Only rarely does a group tour come along that makes the most fiercely independent traveler's heart beat faster -- a journey so complex that you couldn't pull it off alone, and so unusual that you can't help yearning to go.
An intriguing example takes place next summer in a remote part of the Pacific Ocean: It's a chance to join a team of experts searching an uninhabited coral atoll for traces of lost aviator Amelia Earhart.
The island is Nikumaroro, and it's not the one that Earhart was aiming for when she and her navigator, Fred Noonan, vanished into the Pacific in July 1937 on their around-the-world attempt.
They took off from New Guinea, heading east, and were scheduled to refuel on a mid-ocean speck called Howland Island.

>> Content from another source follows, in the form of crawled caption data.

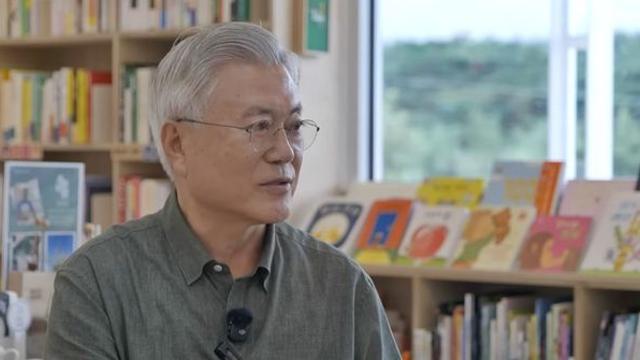 문재인 전 대통령, 첫 영상과 함께 유튜버로 데뷔... 그가 한 이야기는?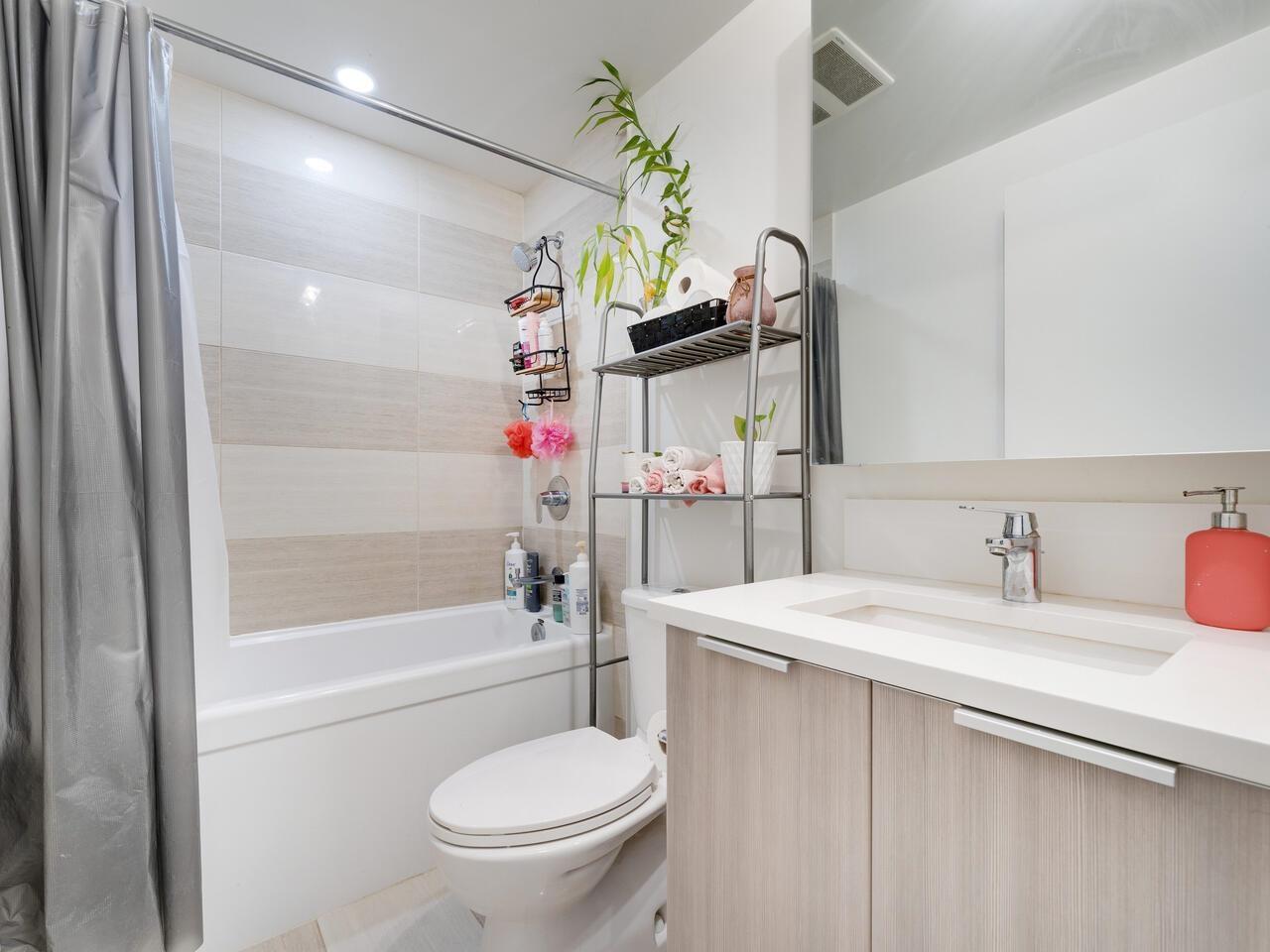 2311 13308 Central Avenue, Surrey, British Columbia  V3T 0M4 - Photo 6 - R3127995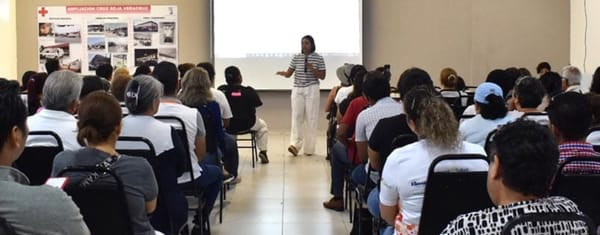 ¡OFRECE CRUZ ROJA PLÁTICAS GRATUITAS DE SALUD MENTAL!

They never got there.
Their disappearance spawned a flock of theories, theories as simple as a crash to those as complex as capture by the Japanese military on the eve of World War II, to those as far-fetched as being kidnapped by extraterrestrials.
Plus one that may be the real answer: an emergency landing on a different island, where Earhart and Noonan might have survived for a time.
That hypothesis is the heart of this trip, June 17 to July 3, 2015. It's co-sponsored by the International Group for Historic Aircraft Recovery (TIGHAR), which has been looking for Earhart for 25 years, and by Betchart Expeditions of Cupertino, Calif., a travel company known for unusual trips with a strong scientific component.
Nikumaroro Island is the most likely candidate, said Tom King, senior archaeologist with TIGHAR, who will help lead the 2015 Betchart trip.
Bigger than Howland Island, "Niku'' – also known as Gardner Island -- would have been the logical landing place for Earhart and Noonan once they'd missed their original target, King said.
TIGHAR has already discovered promising traces on Nikumaroro, including a woman's shoe, part of a woman's compact with bits of rouge, and fragments of glass from a 1930s cosmetic jar that once held freckle cream -- significant because Earhart was a fair-skinned redhead and an international celebrity to whom looks were important.
"We think we're getting close,'' King said.
The TIGHAR/Betchart group will fly on Fiji Air from Los Angeles to Nadi, Fiji, then sail to Nikumaroro on the Reef Endeavour, a 130-passenger cruise ship.
Its course will loop northward out of Fiji, first to Rotuma Island, then to Funafuti atoll (the capital of Tuvalu), and finally to Nikumaroro, in the Phoenix Islands Protected Area.
The ship will return to Fiji via the small monarchies of Wallis Island and Futuna Island.
Thick vegetation on Nikumaroro makes the island difficult to get around on, the trip's planners say.
Getting ashore is no picnic, either: Passengers will be transferred to the island by glass-bottomed boat or the cruise ship's tenders.
They will disembark on the Nutiran Shore, a flattish, slippery platform of coral where Earhart's Electra aircraft might have been able to make an emergency landing at very low tide.
Some former residents – Pacific islanders who were part of a short-lived British colony on Niku – told TIGHAR researchers that they remembered seeing an airplane there, and some had salvaged small scraps of aircraft aluminum.
TIGHAR researchers determined the metal came from an Electra, but there is no way of proving – yet, anyway -- whether it was Earhart's.
A prewar photo shows what may be part of a landing gear sticking out of the shallows, but TIGHAR concluded that high tides would have washed any remains of the plane off the coral and into very deep water.
British colonial records show that human bones were found at what TIGHAR calls "7 Site'' – a natural clearing shaped like the number seven – but the remains were sent to Suva in 1940. King said TIGHAR still hopes they may have ended up in private hands or still be in museum storage there.
While at Nikumaroro, Betchart passengers can accompany TIGHAR team leaders to key locations and take photographs and GPS readings of any new discoveries.
Before and after Niku, time at sea will be filled with lectures by experts on oceanography, astronomy, geology, climate change, and the history and cultures of this part of the South Pacific.
Prices for the trip range from $7,195 to $10,995 per person based on double occupancy, plus a round-trip S group airfare of $1,595 on Fiji Air from Los Angeles to Nadi, Fiji.